[[ Data excerpts open ]]

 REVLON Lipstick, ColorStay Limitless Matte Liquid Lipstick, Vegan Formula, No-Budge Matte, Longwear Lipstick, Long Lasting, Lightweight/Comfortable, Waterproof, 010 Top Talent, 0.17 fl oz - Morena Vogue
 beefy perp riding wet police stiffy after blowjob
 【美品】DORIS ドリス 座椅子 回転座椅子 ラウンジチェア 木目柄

[[ Data excerpts closed ]]
[[ Data excerpts open ]]

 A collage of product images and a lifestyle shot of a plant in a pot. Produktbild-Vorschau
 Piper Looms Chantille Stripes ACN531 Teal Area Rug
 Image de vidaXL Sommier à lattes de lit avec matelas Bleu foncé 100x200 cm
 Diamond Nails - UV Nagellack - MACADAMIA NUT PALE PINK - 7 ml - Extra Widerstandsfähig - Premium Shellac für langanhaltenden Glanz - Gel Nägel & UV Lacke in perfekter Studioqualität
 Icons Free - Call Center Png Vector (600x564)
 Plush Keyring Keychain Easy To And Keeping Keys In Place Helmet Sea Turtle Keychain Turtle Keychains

[[ Data excerpts closed ]]

▶ **Directions**:
For this task, write out exactly the lines of the entries above, starting at the line with "Piper Looms Chantille" and ending at the line with "Plush Keyring Keychain", both included, and no others.

▶ **Final answer**:
 Piper Looms Chantille Stripes ACN531 Teal Area Rug
 Image de vidaXL Sommier à lattes de lit avec matelas Bleu foncé 100x200 cm
 Diamond Nails - UV Nagellack - MACADAMIA NUT PALE PINK - 7 ml - Extra Widerstandsfähig - Premium Shellac für langanhaltenden Glanz - Gel Nägel & UV Lacke in perfekter Studioqualität
 Icons Free - Call Center Png Vector (600x564)
 Plush Keyring Keychain Easy To And Keeping Keys In Place Helmet Sea Turtle Keychain Turtle Keychains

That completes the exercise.